Tracking the presence of coal ash in dust has been a challenge for scientists, but tests show that the new tracer can distinguish between the chemical signature of lead that comes from coal ash and lead that comes from other major human or natural sources, including legacy contamination from leaded gasoline and lead paint.

“Lead adds to our forensic toolbox and gives us a powerful new method for tracking fly ash contamination in the environment,” says Avner Vengosh, professor of geochemistry and water quality at Duke University’s Nicholas School of the Environment.

The tracer broadens scientists’ ability to assess and monitor exposure risks of people who live or work near coal ash ponds and landfills or near sites where coal ash is being spread on soil as fill or reused for other purposes.

“Many clean-up workers and local residents who were exposed to fly ash dust containing high levels of lead, arsenic, and other contaminants following the massive TVA coal ash spill in eastern Tennessee in 2008 have experienced debilitating health effects,” Vengosh says.
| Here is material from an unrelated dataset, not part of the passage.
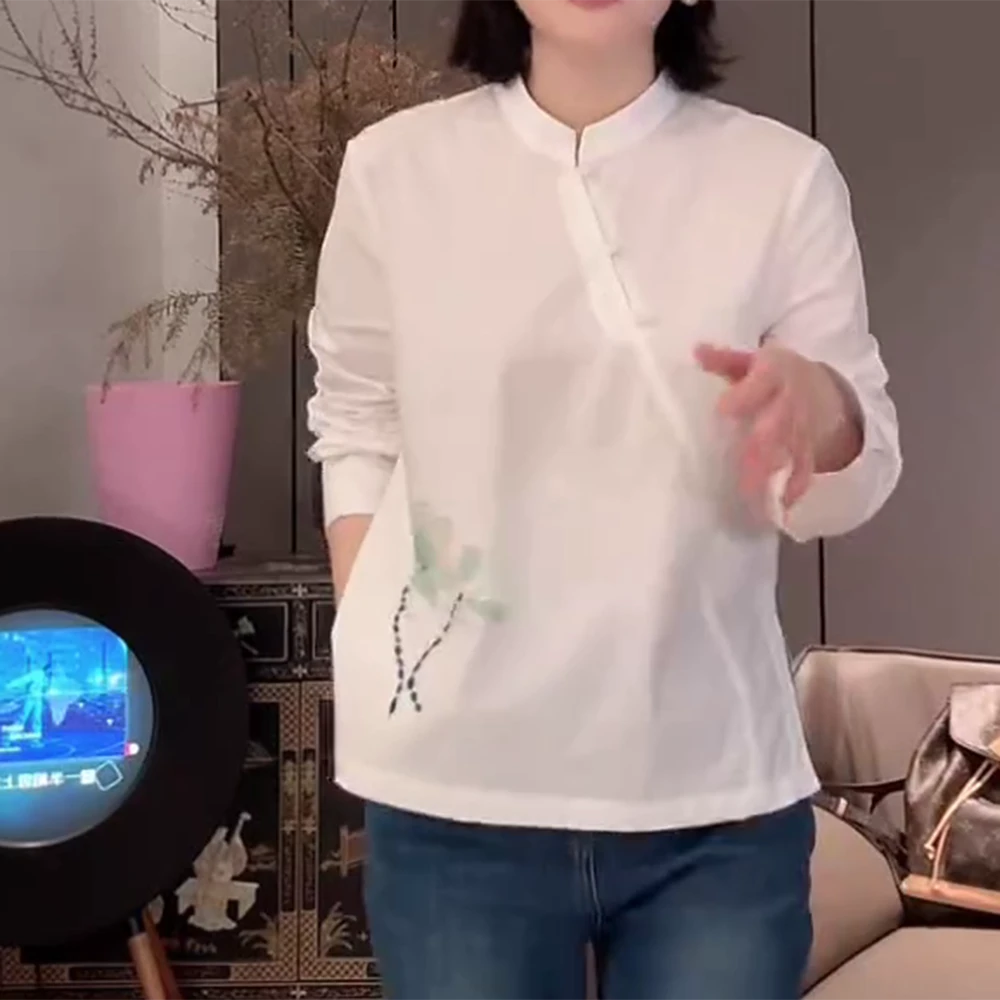 新中式中国风轻奢百搭纯白色长袖内搭衬衫C6277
“Communities near coal ash storage facilities or sites where coal ash has been mixed with soil as fill are now worried they too might be exposed to harmful contaminants.

“These types of risks are only going to increase under the EPA’s pending proposal to relax restrictions on spreading coal ash for ‘beneficial use’ or storing it in unlined pits and landfills,” Vengosh says.

“Our hope is that this new tracer, which augments the suite of isotopic tracers we already have developed for tracking coal ash contamination in aquatic environments, will help us provide greater protection to communities at risk,” he says.

Vengosh and his colleagues report the work in Environmental Science & Technology Letters. They analyzed 45 fly ash samples from 12 US coal-fired power plants between 2004 and 2013. Of the fly ash samples, 16 originated from Appalachian coal, 22 from coal in the Illinois Basin, and 7 from the Powder River Basin.

It is the first study to provide a systematic analysis of lead isotopes in coal fly ash from all three major US coal-producing basins.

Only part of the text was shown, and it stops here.